_Exercise goal_
The answer is to be an exact copy of the lines below running from the line with "2808 Old Matthews Rd — Photo 4" down to the line with "03.10.2025 - Köhlbrandbrückenlauf", both ends included, and nothing more.

_Data section_
»»
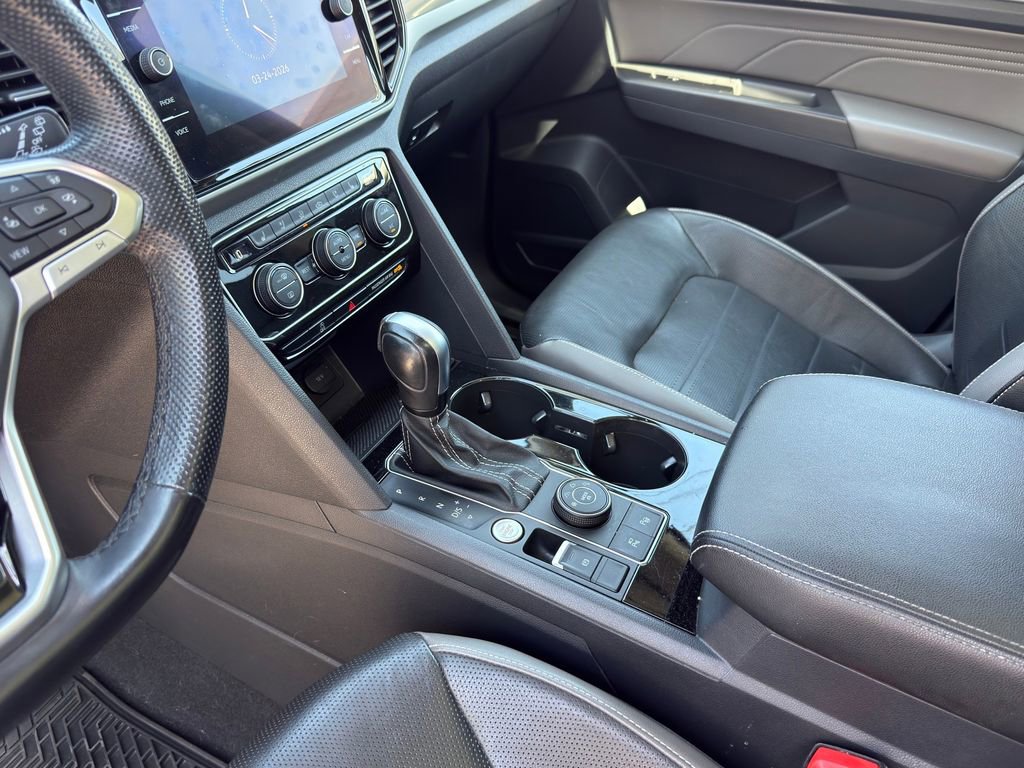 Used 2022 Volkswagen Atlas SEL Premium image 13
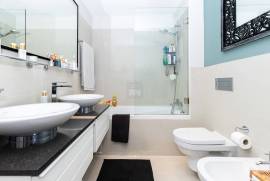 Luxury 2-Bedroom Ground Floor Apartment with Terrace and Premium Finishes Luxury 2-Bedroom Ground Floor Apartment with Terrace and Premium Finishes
««
»»
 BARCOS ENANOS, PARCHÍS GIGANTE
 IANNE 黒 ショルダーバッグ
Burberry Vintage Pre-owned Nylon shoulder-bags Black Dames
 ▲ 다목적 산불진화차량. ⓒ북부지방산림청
««
»»
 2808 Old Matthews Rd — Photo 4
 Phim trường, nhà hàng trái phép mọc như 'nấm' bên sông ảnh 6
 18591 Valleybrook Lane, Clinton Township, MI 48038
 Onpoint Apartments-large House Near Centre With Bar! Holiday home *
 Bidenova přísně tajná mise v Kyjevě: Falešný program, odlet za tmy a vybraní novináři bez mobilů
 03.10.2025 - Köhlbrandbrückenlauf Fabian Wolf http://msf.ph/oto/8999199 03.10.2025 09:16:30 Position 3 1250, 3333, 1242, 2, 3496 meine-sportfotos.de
««
_Response to this exercise_
 2808 Old Matthews Rd — Photo 4
 Phim trường, nhà hàng trái phép mọc như 'nấm' bên sông ảnh 6
 18591 Valleybrook Lane, Clinton Township, MI 48038
 Onpoint Apartments-large House Near Centre With Bar! Holiday home *
 Bidenova přísně tajná mise v Kyjevě: Falešný program, odlet za tmy a vybraní novináři bez mobilů
 03.10.2025 - Köhlbrandbrückenlauf Fabian Wolf http://msf.ph/oto/8999199 03.10.2025 09:16:30 Position 3 1250, 3333, 1242, 2, 3496 meine-sportfotos.de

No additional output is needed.